Items from a dataset:
╔══
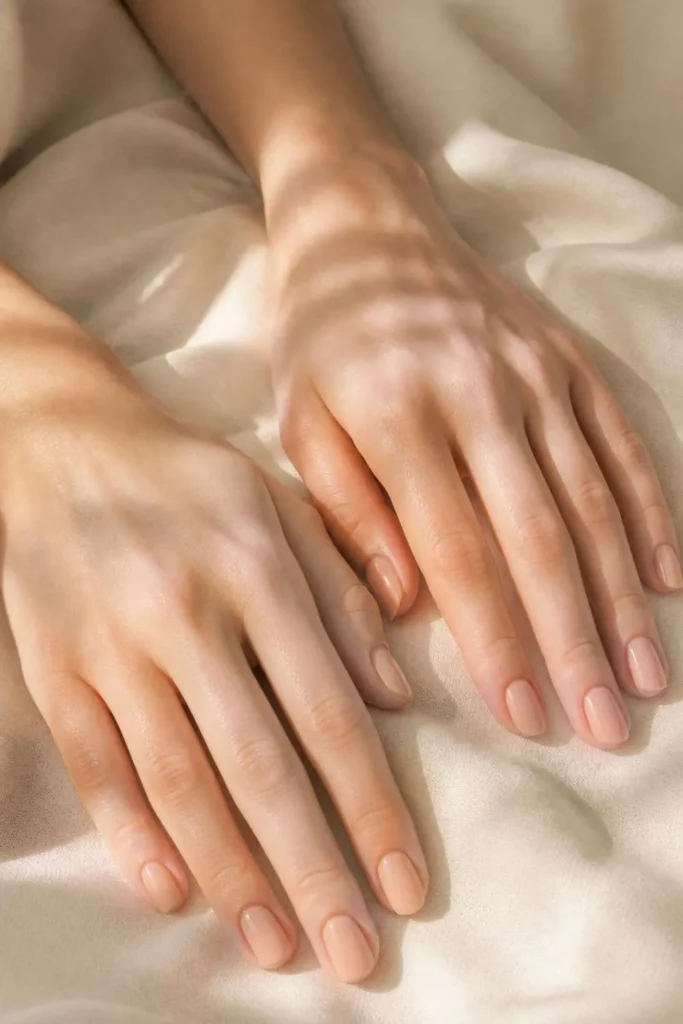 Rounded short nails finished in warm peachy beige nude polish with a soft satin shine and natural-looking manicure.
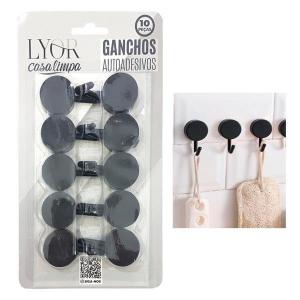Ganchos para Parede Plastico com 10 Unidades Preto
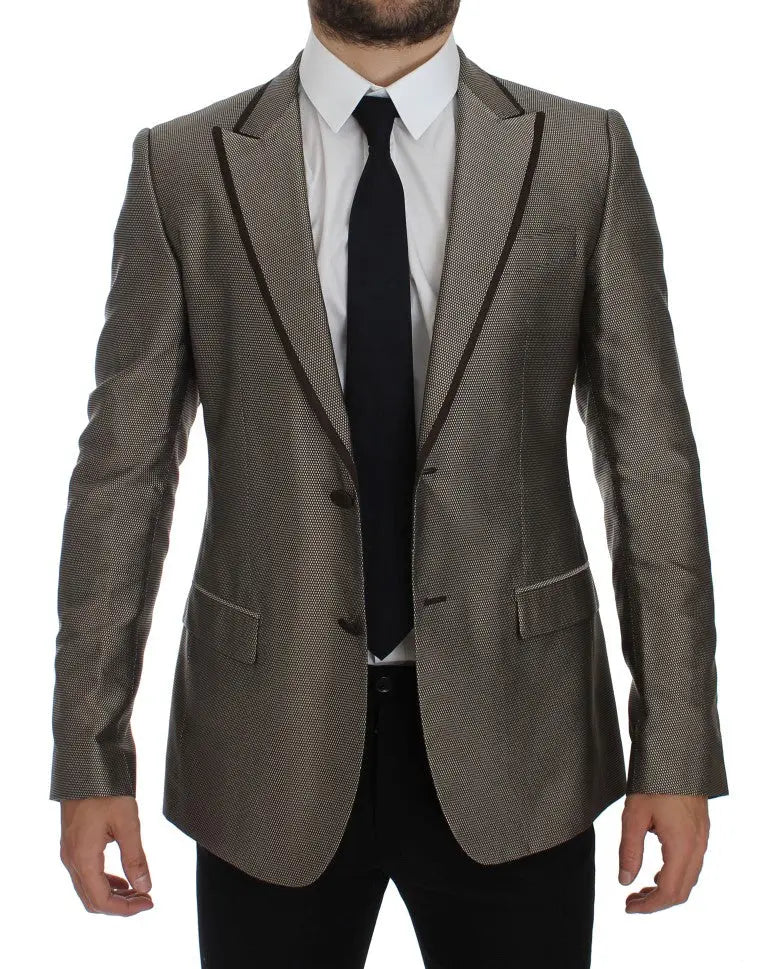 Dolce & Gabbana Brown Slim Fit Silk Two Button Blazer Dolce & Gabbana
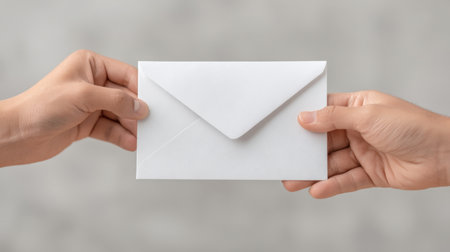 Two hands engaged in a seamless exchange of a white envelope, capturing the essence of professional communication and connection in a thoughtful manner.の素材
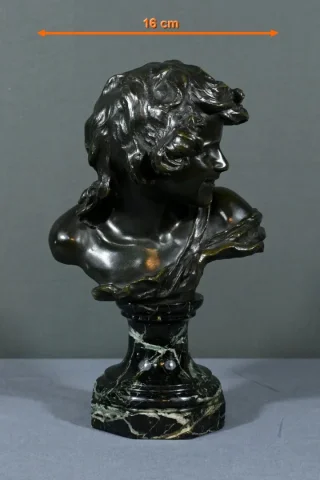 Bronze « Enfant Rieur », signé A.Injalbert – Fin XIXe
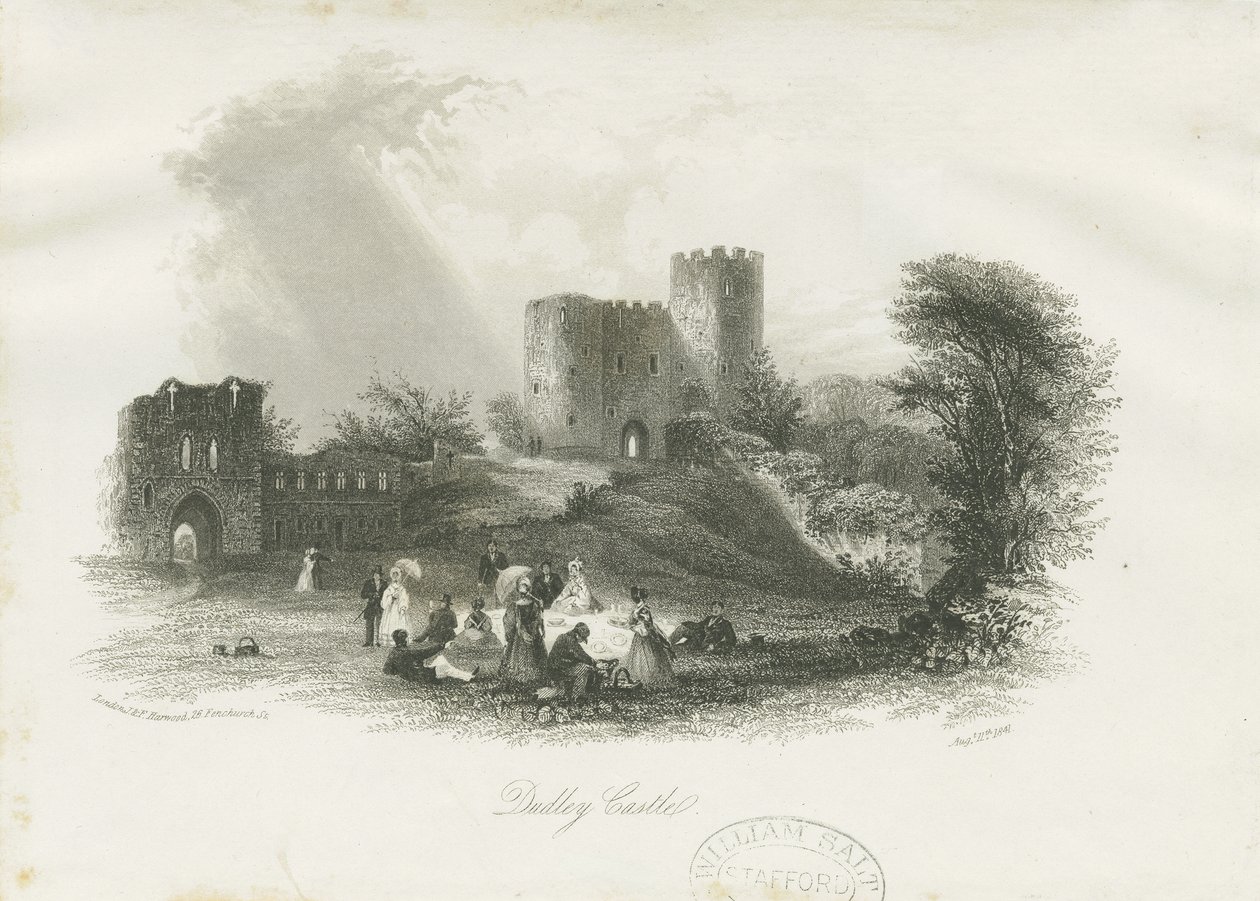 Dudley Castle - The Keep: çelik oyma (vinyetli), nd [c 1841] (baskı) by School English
╚══
* [About this exercise] Take every entry above and transcribe it exactly, with no pictures in the copy.

* [Written response]
 Rounded short nails finished in warm peachy beige nude polish with a soft satin shine and natural-looking manicure.
Ganchos para Parede Plastico com 10 Unidades Preto
 Dolce & Gabbana Brown Slim Fit Silk Two Button Blazer Dolce & Gabbana
 Two hands engaged in a seamless exchange of a white envelope, capturing the essence of professional communication and connection in a thoughtful manner.の素材
 Bronze « Enfant Rieur », signé A.Injalbert – Fin XIXe
 Dudley Castle - The Keep: çelik oyma (vinyetli), nd [c 1841] (baskı) by School English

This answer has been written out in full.